The epidemic extends to men and boys as well. More than four out of every five Native people have experienced violence.
Just how many Indigenous women and girls are missing, however, is unknown.
Last year, the Minnesota Legislature created a state-wide task force to examine the causes of violence against Indigenous women and recommend how to best collect data on it. (President Donald Trump created his own panel on missing and murdered Indigenous women last December).
The effort in Minnesota’s Legislature was led by Rep.

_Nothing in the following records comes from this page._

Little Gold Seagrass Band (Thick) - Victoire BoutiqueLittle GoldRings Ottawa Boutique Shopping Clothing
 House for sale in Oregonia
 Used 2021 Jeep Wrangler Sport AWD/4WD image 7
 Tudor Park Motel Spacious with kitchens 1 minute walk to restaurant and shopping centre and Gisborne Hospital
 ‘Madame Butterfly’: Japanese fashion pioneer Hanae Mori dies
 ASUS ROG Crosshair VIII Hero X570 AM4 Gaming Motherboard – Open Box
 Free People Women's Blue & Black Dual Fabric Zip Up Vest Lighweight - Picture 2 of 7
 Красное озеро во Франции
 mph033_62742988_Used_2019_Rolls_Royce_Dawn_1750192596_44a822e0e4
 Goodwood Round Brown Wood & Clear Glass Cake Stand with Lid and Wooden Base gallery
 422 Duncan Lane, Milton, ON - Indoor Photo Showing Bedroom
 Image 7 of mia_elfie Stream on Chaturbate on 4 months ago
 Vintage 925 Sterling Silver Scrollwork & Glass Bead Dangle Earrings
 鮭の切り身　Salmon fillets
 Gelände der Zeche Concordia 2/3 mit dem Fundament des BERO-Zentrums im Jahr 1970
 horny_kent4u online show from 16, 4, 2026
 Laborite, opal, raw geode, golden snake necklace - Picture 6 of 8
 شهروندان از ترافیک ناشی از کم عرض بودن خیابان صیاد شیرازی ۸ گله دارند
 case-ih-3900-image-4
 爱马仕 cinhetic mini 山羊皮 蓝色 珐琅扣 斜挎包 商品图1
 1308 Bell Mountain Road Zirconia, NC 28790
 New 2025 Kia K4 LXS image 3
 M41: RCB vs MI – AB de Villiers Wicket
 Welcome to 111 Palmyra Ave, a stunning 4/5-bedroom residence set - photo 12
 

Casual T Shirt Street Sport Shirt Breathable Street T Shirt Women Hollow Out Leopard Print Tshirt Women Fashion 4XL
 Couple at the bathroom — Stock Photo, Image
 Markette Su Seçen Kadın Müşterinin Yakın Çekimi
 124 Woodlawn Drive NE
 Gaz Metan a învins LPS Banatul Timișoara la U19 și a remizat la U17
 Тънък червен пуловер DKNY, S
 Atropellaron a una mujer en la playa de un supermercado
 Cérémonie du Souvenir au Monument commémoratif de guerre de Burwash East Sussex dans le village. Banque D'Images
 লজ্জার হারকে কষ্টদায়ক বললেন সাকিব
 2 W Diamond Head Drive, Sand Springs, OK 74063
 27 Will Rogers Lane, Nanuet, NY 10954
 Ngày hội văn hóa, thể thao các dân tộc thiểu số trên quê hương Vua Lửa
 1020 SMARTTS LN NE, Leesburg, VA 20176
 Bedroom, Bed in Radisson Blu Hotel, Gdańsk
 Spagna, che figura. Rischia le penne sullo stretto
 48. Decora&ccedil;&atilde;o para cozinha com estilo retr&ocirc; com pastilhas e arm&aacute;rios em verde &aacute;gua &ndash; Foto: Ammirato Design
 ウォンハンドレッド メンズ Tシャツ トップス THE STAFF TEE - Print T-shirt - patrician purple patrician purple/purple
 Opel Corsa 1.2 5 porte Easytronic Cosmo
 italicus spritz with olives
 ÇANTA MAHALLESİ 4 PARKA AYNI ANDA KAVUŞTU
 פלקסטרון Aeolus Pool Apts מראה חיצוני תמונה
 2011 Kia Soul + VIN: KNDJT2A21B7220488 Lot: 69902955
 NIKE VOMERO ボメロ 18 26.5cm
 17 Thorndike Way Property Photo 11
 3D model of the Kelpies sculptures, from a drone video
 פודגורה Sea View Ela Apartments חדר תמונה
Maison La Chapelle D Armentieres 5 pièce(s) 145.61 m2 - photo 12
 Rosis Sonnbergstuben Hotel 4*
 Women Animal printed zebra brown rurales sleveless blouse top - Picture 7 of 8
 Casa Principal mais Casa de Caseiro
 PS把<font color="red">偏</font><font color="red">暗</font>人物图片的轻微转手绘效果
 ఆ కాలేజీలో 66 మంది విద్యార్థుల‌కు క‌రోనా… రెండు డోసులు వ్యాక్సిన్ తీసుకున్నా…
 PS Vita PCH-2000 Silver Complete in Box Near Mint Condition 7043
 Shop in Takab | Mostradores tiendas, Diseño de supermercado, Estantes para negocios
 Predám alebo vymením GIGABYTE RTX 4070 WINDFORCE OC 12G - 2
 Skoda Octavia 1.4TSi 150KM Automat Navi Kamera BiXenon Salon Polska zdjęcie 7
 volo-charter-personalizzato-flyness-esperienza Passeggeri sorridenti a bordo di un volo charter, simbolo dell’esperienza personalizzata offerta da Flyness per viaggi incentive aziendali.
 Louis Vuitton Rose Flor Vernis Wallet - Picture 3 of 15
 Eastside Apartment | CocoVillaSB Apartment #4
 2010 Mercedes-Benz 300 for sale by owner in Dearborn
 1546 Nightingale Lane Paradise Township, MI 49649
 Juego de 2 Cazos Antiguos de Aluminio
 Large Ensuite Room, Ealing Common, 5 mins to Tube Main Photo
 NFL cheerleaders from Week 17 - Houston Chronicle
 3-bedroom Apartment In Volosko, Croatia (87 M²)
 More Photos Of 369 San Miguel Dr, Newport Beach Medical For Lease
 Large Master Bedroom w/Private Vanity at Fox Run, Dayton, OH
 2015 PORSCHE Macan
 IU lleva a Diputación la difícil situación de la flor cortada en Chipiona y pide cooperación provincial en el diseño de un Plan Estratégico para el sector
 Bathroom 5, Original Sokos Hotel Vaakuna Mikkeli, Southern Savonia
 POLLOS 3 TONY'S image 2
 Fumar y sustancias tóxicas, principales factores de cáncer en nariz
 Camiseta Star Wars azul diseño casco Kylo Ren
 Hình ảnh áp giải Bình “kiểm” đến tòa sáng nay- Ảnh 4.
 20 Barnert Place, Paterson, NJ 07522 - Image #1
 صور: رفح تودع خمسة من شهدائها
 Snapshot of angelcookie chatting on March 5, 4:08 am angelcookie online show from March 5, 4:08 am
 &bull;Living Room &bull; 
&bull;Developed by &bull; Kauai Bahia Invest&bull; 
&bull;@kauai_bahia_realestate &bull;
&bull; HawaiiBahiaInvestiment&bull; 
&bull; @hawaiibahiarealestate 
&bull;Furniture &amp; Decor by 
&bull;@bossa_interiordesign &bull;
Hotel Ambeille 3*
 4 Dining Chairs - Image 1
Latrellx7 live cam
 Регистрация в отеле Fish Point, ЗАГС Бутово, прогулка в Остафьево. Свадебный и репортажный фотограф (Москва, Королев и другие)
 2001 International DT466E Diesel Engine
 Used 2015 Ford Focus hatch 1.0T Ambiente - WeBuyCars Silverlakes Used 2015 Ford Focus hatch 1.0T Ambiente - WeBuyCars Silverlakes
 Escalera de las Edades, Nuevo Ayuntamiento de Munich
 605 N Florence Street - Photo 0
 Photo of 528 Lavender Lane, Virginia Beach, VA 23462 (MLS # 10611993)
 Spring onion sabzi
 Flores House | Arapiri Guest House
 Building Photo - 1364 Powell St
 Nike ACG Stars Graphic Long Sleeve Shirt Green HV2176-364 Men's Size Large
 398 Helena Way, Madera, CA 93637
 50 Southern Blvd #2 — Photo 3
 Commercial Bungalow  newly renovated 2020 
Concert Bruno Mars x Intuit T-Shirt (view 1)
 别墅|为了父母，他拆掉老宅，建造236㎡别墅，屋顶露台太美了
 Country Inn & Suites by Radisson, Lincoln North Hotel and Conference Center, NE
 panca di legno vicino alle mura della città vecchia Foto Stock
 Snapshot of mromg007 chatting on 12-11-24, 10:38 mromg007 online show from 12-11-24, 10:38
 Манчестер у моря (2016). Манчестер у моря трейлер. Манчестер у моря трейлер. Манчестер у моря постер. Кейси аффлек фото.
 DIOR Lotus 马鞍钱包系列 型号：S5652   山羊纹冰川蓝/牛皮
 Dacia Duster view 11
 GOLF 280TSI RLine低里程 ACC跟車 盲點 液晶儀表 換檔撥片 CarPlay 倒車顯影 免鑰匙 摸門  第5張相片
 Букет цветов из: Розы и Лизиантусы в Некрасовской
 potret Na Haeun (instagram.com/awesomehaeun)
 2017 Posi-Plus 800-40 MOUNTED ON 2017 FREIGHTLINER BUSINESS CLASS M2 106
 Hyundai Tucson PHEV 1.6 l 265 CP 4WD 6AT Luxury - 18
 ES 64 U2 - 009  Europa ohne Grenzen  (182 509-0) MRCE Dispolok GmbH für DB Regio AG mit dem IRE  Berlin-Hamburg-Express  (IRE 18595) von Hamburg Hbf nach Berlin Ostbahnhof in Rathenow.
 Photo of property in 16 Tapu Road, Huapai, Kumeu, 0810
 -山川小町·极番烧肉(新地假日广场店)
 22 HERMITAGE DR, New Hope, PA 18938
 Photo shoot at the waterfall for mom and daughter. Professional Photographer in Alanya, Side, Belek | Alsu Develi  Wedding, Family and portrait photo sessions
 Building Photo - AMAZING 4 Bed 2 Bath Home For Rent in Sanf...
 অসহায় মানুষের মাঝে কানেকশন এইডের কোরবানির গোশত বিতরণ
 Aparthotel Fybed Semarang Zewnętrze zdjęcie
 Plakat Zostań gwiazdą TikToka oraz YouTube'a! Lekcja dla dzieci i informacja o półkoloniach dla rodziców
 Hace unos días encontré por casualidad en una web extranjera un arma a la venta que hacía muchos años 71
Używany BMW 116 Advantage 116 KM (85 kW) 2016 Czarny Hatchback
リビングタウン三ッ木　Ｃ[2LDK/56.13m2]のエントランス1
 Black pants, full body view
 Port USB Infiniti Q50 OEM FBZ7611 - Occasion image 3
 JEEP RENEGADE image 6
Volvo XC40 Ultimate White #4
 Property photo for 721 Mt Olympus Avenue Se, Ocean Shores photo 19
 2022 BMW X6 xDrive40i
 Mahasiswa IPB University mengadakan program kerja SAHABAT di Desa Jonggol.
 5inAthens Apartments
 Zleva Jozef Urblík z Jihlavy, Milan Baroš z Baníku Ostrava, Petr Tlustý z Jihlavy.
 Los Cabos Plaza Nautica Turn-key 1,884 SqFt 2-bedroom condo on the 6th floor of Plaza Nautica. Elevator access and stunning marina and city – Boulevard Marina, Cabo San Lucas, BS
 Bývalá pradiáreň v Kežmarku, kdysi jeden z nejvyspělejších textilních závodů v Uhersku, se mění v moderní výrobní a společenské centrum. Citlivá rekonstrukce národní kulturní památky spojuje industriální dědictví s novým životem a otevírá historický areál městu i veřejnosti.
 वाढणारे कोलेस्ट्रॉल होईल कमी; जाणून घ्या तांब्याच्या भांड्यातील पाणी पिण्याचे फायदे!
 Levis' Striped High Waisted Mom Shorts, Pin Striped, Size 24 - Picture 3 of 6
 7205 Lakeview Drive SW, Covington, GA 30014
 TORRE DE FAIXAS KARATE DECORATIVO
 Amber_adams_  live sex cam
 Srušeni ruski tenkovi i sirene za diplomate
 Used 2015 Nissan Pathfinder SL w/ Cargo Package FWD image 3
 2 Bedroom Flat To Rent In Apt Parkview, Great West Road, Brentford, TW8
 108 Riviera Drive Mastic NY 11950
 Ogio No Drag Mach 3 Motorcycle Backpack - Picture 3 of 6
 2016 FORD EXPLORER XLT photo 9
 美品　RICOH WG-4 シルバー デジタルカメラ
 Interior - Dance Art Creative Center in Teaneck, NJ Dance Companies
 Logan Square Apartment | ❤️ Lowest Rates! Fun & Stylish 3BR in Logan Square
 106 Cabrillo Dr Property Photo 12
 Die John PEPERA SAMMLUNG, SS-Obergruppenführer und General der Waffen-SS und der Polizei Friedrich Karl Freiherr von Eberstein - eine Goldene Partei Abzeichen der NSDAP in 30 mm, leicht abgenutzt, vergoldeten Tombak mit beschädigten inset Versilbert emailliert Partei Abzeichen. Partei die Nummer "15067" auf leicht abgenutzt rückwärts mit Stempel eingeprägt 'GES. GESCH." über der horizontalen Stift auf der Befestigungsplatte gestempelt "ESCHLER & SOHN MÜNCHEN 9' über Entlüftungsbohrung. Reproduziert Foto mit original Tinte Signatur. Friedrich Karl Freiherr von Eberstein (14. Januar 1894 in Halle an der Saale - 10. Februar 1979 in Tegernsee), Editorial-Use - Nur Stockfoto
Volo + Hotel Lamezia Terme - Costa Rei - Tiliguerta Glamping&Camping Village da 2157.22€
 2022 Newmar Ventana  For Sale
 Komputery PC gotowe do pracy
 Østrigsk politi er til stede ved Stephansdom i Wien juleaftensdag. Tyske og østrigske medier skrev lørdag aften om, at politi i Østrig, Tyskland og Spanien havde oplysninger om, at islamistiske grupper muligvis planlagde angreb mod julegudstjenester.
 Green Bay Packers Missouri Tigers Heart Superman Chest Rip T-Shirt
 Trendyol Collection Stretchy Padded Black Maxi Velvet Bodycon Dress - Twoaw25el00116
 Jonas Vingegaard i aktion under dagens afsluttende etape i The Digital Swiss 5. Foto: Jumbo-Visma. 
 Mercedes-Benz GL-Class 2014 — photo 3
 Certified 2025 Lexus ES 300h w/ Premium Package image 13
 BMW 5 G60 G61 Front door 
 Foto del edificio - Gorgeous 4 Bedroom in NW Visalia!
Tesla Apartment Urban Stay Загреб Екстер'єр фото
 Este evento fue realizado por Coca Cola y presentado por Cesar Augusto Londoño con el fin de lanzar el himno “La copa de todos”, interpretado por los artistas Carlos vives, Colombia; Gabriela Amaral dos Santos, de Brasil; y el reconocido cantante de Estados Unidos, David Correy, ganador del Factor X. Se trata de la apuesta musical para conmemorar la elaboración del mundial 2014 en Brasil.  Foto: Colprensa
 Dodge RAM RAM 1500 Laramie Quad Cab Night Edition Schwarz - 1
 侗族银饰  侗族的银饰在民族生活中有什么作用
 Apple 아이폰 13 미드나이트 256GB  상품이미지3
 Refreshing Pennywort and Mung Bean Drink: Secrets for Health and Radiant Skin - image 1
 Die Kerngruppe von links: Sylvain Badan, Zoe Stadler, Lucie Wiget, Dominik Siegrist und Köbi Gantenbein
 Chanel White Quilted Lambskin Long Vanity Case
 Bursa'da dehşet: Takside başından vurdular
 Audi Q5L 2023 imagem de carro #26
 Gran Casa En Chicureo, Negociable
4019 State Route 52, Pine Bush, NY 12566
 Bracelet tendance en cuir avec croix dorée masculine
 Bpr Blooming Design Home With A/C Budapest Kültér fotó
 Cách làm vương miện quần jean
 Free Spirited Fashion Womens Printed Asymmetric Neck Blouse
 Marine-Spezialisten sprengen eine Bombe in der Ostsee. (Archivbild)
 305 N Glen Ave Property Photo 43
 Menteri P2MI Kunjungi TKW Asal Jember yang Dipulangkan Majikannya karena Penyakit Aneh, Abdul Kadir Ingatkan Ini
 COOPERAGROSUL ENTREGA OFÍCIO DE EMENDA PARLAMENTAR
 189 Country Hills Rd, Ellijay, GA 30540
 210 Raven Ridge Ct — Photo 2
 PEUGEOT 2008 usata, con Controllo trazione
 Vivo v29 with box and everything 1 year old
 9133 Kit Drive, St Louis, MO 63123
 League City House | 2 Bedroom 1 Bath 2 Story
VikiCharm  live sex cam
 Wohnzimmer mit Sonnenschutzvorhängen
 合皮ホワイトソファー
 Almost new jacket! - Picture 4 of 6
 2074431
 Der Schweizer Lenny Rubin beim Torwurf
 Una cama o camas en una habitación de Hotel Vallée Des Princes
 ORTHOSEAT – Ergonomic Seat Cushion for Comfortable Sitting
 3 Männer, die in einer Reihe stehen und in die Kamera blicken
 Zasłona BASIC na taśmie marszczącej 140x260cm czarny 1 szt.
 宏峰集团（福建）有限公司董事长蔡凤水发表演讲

Mary Kunesh Podein, a descendant of the Standing Rock Sioux Tribe, and signed into law by Walz.
Flanagan, a member of the White Earth Nation, urged the crowd to keep pressure on the Legislature to act on the recommendations of the task force when they’re released this December.
“I look forward to the day when we gather in this same room, and we can say that every single woman, every single girl, every single member of our two-spirit community has been protected, and we are here to simply dance and march and celebrate,” Flanagan said.
Earlier in the day at the Ain Dah Yung Center in St. Paul, experts from the National Indigenous Women’s Resource Center presented two new reports that shed light on how homelessness and housing instability are linked to sexual and domestic violence.
There’s a severe housing shortage across Indian Country as well as a shortage of shelters. The report notes that although there are 574 federally recognized tribes, there are fewer than 60 tribally-created or Native-centered domestic violence shelters.
Brenda Hill, a trainer with NIWRC and member of the Siksika Nation, said the lack of safe, affordable housing makes Native women vulnerable.
“One of the top reasons they could not escape (sex trafficking) was they had no place to go,” Hill said.
Women who do escape often become homeless. Nearly all women who were prostituted or sex trafficked had been homeless, according to a survey by NIWRC.
Hill and her colleagues say the creation of culturally appropriate, affordable housing is integral to preventing abuse and helping survivors heal from it. Of NIWRC’s survey of Native survivors, many said access to culture and ceremony was integral to their healing process.
“Solutions lie within our own cultures,” Hill said. “Our focus cannot just be on the negative and the violence. There has to be balance there, and that balance comes from our own cultures, our languages, our spiritual practices and beliefs and understandings.”